The State shall seek to sentence him as a class 2 offender, in that he has been previously convicted of violation 24-1.1 under case number 09CR0736801 04 CR 282270."

Contrary to the trial court's oral pronouncement granting the State's motion, this charge, which was amended by hand, still referred to defendant's prior UUWF conviction in case no. 09 CR 0736801 as the conviction creating defendant's felony status. Additionally, the charge failed to reflect that the prior offense in case no. 04 CR 28270 was for aggravated discharge of a firearm, rather than UUWF, and the 2004 case number included an extra digit.

¶ 30 ii. UUWF Requires a Felon, Not a Particular Felony

¶ 31 As stated, the UUWF statute requires that a defendant has "been convicted of a felony." 720 ILCS 5/24-1.1(a) (West 2012). Our supreme court recently reaffirmed that the statute requires the State to prove only that the defendant was a felon, not that the defendant's prior conviction was for any specific felony. People v. McFadden, 2016 IL 117424, ¶¶ 14, 27. "[B]ecause the only purpose for admitting a defendant's prior-conviction record is to establish felon status, the name and nature of the prior convictions [are] unnecessary surplusage without any evidentiary significance." People v. Walker, 211 Ill. 2d 317, 338 (2004). Contrary to defendant's assertion, our supreme court's decision in People v. Easley, 2014 IL 115581, does not suggest otherwise.

¶ 32 In Easley, the supreme court addressed whether the State was required to notify the defendant of its intent to seek an enhanced sentence as contemplated in section 111-3(c) of the

Code of Criminal Procedure of 1963 (725 ILCS 5/111-3(c) (West 2008)). The defendant, like defendant here, had been sentenced for UUWF as a Class 2 offender under section 24-1.1(e):

"Violation of this Section *** shall be a Class 3 felony for which the person shall be sentenced to no less than 2 years and no more than 10 years and any second or subsequent violation shall be a Class 2 felony for which the person shall be sentenced to a term of imprisonment of not less than 3 years and not more than 14 years. Violation of this Section by a person *** who has been convicted of a forcible felony, [or] a felony violation of Article 24 of this Code *** is a Class 2 felony for which the person shall be sentenced to not less than 3 years and not more than 14 years." 720 ILCS 5/24-1.1(e) (West 2008); 720 ILCS 5/24-1.1(e) (West 2012).

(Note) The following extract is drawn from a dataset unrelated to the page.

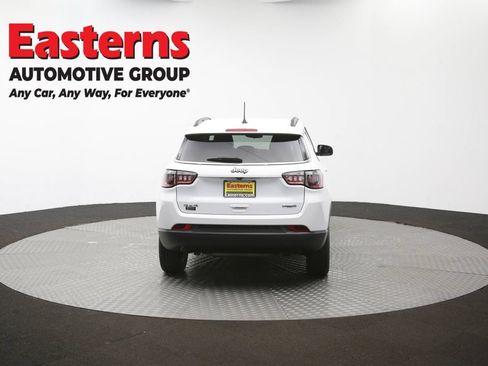 Used 2024 Jeep Compass Latitude AWD/4WD image 35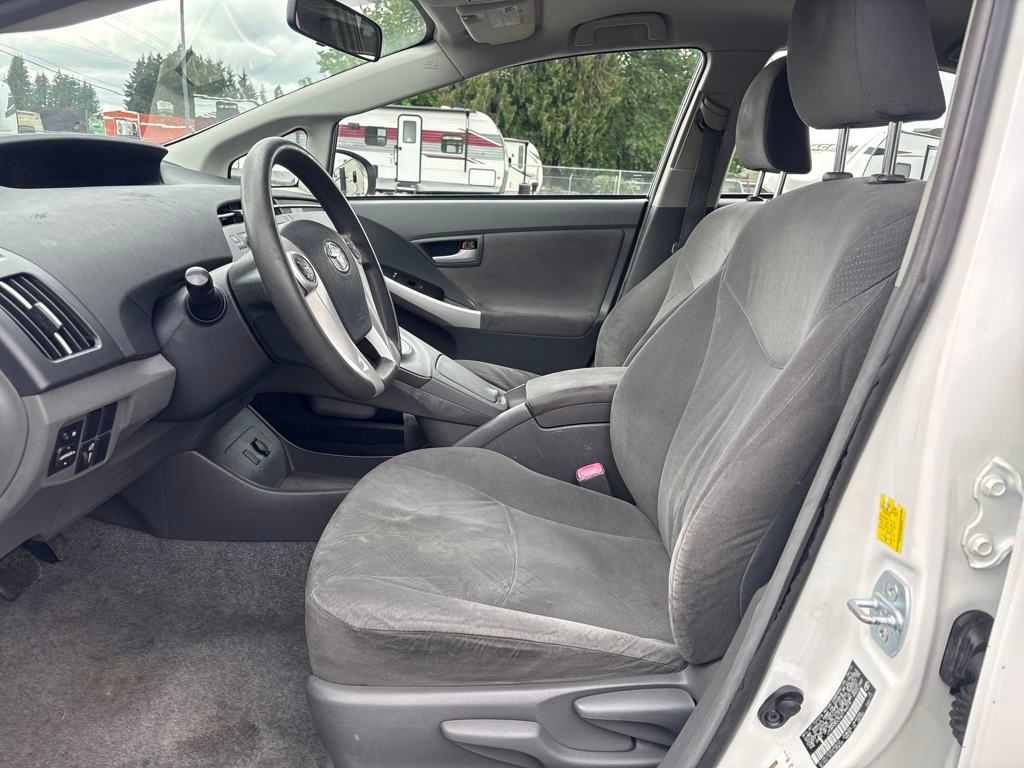 2010 Super White Toyota Prius II FWD Hatchback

Because the specific indictment in that case cited the defendant's prior UUWF conviction as the felony establishing his felony status, the State was not required to notify the defendant pursuant to section 111-3(c) that the State intended to seek an enhanced sentence; rather, by citing that prior conviction, it was clear that the defendant could only be sentenced as a Class 2 offender. Easley, 2014 IL 115581, ¶ 22. While the court stated that the defendant's prior UUWF conviction "was already included as an element of the charged offense," the issue was whether the charges properly notified the defendant of the offense in that case, not whether the evidence was sufficient to sustain his conviction. Id. ¶¶ 13, 26. Thus, Easley did not hold that the State is required to prove a defendant's prior conviction was for a specific felony in order for the evidence to be sufficient. Even if Easley had done so, the more recent decision in McFadden would negate that holding.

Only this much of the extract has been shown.